My Daughter and I found a nice spear head at Lake Oconee. My first words to her was -  can you imagine what the last guy who touched this,  looked like.


----------



## Indian Arrowhead Man (Sep 7, 2009)

Steve Thompson said:


> My Daughter and I found a nice spear head at Lake Oconee. My first words to her was -  can you imagine what the last guy who touched this,  looked like.



I think that's what they call "Living History"


----------



## Bow Only (Sep 7, 2009)

Indian Arrowhead Man said:


> I think I got the photo attachment thing down...anyway, this Clovis from Gwinett Co. GA.  2&3/4" long.  BowOnly, I can tell you're an experienced collector so a little about this point:  fluted both sides, one side better than the other but not 'deeply'.  Heavy base and hafting area grinding.
> 
> I'm always leery of the Clovis points made of vein or crystal quartz that are 'deeply' fluted...



Very nice point.  
Finding a paleo,  Wow.
Finding a quartz paleo, Oh My!
Finding a quartz Clovis with fluting both sides...........priceless.


----------



## Nicodemus (Sep 7, 2009)

Bow Only said:


> Very nice point.
> Finding a paleo,  Wow.
> Finding a quartz paleo, Oh My!
> Finding a quartz Clovis with fluting both sides...........priceless.

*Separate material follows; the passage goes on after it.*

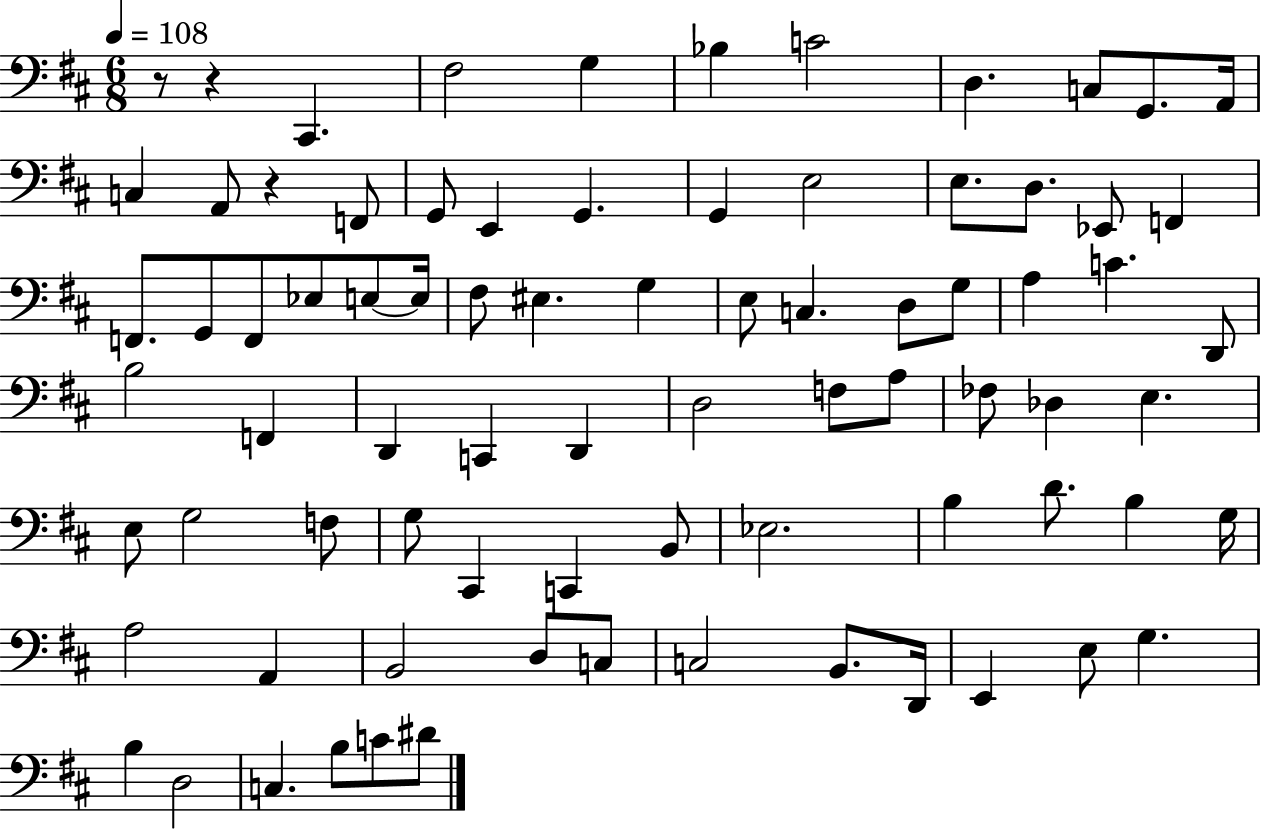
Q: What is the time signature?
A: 6/8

I am in full agreement! That is a once in a lifetime...


----------



## Indian Arrowhead Man (Sep 7, 2009)

I agree, I would have loved to have found it.  I've found a few Clovis in my time but never one as nice as this one.  I'll post my personal Clovis finds soon.


----------



## Paleo (Sep 26, 2009)

> Some Woodland era points , by shape only, look just like some Paleo era points.



I've seen Yadkin points misidentified as Daltons many times.


----------